(Recorded data)

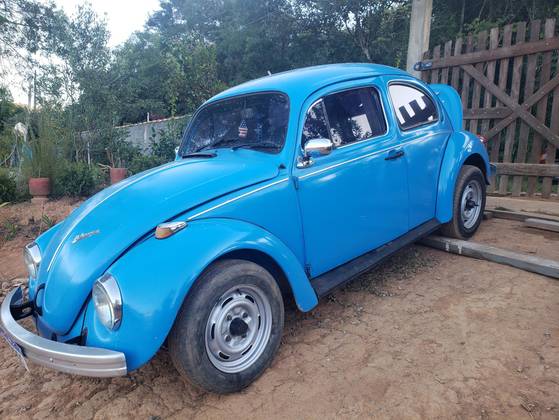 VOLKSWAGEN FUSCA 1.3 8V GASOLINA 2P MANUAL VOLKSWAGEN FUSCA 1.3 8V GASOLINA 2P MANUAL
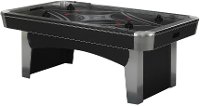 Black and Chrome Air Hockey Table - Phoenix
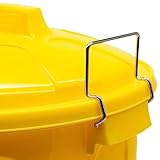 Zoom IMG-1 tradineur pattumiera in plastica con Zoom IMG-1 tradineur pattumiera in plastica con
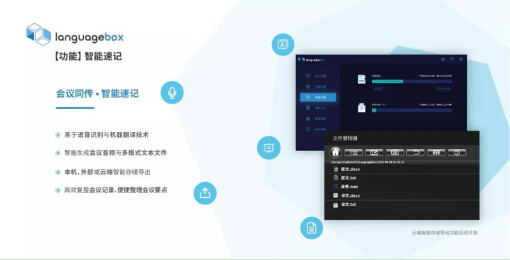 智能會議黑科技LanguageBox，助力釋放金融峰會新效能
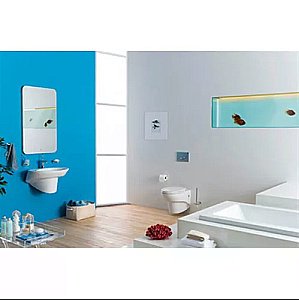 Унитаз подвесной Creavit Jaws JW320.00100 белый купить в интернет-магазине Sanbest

Problem requirements >> Output the full set of records above without changing a word, and drop the images.

Exercise response >>
 VOLKSWAGEN FUSCA 1.3 8V GASOLINA 2P MANUAL VOLKSWAGEN FUSCA 1.3 8V GASOLINA 2P MANUAL
 Black and Chrome Air Hockey Table - Phoenix
 Zoom IMG-1 tradineur pattumiera in plastica con Zoom IMG-1 tradineur pattumiera in plastica con
 智能會議黑科技LanguageBox，助力釋放金融峰會新效能
 Унитаз подвесной Creavit Jaws JW320.00100 белый купить в интернет-магазине Sanbest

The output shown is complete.